Saved data entries:
* * * *
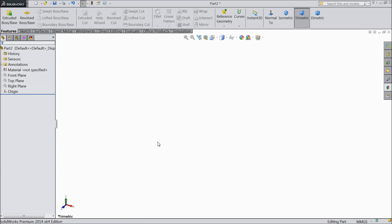Welcome back to CAD CAM tutorial. Today we are going to sketch a 3D sketch in SOLIDWORKS. Let's see how to do it.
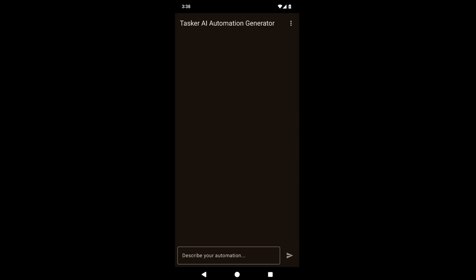Tasker can now export the AI system instructions that it uses to generate your profiles and tasks, so you can use it in any external AI you want. Let's check it out.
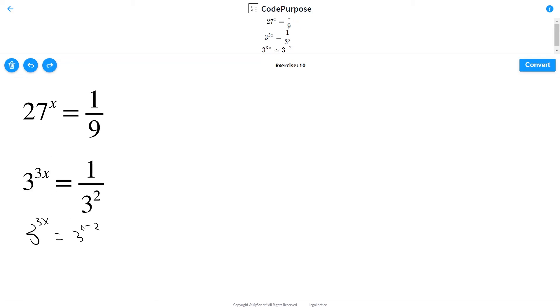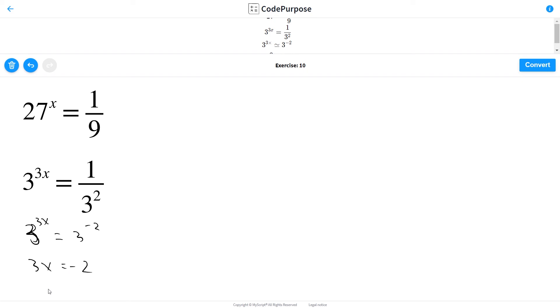From where 3x is equal to minus 2, or x is equal to minus 2 thirds.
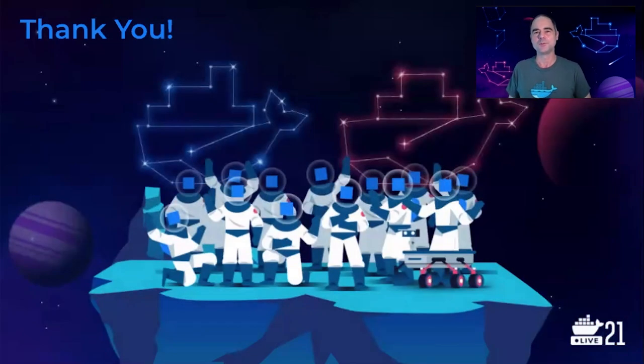Thanks again for joining us. We look forward to having a great DockerCon with you today, as well as a great year ahead of us. Thanks and be well.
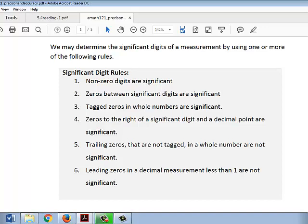However, if you have trailing zeros that are not tagged in a whole number, those trailing zeros would not be significant. If you have leading zeros in a decimal measurement that is less than one, they are not considered significant.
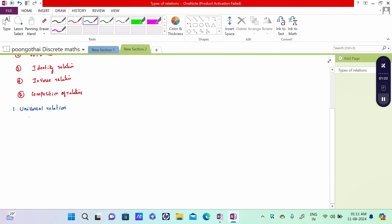Universal Relation: A relation R on a set A is called a Universal Relation if R is nothing but the Cartesian product A cross A.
* * * *
** WHAT YOU WILL DO **
Your task is to print exactly the lines from the one containing "Thanks again for" through the final line of the records above, with no pictures and nothing more.

** FINISHED TASK **
Thanks again for joining us. We look forward to having a great DockerCon with you today, as well as a great year ahead of us. Thanks and be well.
However, if you have trailing zeros that are not tagged in a whole number, those trailing zeros would not be significant. If you have leading zeros in a decimal measurement that is less than one, they are not considered significant.
Universal Relation: A relation R on a set A is called a Universal Relation if R is nothing but the Cartesian product A cross A.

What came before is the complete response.